Said one Northeastern ticket broker who wished to remain anonymous because he is a Flyers season ticket holder, “That’s like saying ‘Gee, we noticed fans are willing to pay more based on what we saw on StubHub, so we went ahead and jacked up prices. I doubt anyone will mind.'”

On average, season ticket prices will increase $6 per ticket next season, but some premium, lower bowl seats will jump in price by more than $16 to $115 at face value. The 15 rows of upper bowl seats will have a sliding scale depending on vantage point, meaning the price will decrease from the first row of the upper bowl to the last row where the view is diminished.

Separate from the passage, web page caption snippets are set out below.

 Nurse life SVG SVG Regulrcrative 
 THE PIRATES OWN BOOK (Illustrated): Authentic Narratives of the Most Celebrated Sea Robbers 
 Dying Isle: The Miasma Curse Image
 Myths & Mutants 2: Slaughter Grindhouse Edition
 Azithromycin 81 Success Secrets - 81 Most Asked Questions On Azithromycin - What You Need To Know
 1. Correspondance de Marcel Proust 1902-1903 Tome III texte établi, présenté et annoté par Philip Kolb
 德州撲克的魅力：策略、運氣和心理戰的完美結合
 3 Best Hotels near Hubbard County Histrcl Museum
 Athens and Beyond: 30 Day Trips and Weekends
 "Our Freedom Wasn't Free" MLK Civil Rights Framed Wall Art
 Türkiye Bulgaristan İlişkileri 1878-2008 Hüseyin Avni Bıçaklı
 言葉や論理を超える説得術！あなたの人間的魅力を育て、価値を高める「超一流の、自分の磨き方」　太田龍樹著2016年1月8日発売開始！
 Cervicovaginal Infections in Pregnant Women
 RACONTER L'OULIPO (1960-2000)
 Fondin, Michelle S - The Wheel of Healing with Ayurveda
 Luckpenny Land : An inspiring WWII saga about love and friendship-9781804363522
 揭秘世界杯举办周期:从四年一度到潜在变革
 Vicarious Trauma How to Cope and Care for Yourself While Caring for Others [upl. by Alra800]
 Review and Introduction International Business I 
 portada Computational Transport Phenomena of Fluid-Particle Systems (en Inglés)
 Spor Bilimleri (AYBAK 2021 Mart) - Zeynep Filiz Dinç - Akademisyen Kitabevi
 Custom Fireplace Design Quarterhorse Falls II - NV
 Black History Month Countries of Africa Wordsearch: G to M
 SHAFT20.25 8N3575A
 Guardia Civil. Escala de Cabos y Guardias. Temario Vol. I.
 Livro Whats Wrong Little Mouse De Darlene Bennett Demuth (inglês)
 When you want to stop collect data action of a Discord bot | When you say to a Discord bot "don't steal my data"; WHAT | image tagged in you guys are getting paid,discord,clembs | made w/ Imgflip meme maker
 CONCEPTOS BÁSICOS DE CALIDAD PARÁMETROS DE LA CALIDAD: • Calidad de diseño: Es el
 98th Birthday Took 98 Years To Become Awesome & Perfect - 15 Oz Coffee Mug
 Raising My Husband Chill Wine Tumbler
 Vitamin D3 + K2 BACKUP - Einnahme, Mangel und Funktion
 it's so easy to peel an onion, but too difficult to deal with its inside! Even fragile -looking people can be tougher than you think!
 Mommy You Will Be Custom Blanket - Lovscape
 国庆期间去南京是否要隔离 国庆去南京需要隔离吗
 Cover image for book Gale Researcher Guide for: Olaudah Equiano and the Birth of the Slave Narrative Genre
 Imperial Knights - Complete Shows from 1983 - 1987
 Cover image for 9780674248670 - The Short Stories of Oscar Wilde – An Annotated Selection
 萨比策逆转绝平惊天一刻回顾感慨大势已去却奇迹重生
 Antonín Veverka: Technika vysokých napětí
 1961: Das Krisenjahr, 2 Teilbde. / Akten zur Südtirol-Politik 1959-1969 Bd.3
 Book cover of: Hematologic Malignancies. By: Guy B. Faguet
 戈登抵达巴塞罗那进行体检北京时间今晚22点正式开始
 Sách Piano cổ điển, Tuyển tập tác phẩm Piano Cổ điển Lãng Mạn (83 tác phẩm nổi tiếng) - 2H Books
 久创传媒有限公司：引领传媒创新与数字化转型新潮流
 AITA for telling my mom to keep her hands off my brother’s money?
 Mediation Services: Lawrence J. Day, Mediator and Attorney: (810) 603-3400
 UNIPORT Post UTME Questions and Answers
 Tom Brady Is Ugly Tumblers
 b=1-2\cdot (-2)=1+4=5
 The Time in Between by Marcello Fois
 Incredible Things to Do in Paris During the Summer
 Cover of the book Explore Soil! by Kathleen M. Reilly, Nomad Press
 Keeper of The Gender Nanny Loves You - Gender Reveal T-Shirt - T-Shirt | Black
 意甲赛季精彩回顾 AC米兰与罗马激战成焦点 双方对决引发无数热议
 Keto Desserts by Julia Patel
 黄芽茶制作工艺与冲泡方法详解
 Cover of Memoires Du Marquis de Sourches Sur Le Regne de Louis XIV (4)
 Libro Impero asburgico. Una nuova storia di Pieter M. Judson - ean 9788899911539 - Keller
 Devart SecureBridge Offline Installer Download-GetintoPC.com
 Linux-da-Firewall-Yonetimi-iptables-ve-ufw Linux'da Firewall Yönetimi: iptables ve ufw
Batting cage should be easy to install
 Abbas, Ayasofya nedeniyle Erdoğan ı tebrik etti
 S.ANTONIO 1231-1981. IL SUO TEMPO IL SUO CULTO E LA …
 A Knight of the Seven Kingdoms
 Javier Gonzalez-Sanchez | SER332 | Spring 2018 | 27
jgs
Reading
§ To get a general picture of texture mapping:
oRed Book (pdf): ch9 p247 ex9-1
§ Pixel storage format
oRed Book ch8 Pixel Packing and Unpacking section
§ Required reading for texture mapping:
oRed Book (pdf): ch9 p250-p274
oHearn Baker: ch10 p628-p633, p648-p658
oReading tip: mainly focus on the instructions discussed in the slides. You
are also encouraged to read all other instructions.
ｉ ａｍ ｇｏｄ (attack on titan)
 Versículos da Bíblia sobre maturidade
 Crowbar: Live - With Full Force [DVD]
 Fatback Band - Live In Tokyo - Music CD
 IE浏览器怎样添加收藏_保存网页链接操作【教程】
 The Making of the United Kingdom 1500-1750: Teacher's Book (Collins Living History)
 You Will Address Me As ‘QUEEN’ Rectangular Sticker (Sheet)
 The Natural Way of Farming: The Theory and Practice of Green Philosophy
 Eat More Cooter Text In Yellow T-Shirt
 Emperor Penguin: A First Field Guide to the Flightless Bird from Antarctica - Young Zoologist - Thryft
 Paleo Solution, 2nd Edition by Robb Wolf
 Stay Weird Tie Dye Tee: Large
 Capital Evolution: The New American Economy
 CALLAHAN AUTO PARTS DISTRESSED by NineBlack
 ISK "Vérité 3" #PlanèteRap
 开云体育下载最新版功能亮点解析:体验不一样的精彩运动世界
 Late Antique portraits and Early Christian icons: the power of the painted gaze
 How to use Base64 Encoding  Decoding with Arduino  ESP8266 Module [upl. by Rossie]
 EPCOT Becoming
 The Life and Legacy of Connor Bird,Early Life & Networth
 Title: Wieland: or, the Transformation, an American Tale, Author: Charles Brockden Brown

According to ticket price forecaster SeatGeek, the average price for Flyers tickets on the secondary market is $128 this season, which places the team with the eighth-highest average price among the NHL’s 30 teams. At the same time, the team’s average ticket price is $60.89, according to Team Marketing Report, or the seventh-highest average price in the league.

“StubHub has always been a great resource to gauge market demand, both high and low,” Glenn Lehrman, spokesperson for StubHub, told TicketNews. “We’re flattered that Peter [Luukko] considers us a valuable resource.”

The move by Luukko to consider StubHub as a resource is surprising, considering his prior stance again the secondary market.

When the team announced in 2009 that it was looking at paperless ticketing, Luukko said Comcast-Spectacor has “always” been against the secondary market.

Luukko told the Philadelphia Daily News, “We’re rescaling the house, Since the lockout [in 2004-05], we’ve increased ticket prices just 5 percent. And that’s 5 percent as a total for the six seasons, not 5 percent each year. The salary cap in the NHL has increased more than 50 percent over the 6 years. We’re a top 5 market in the league and we’ve had the 15th or 16th average ticket price.”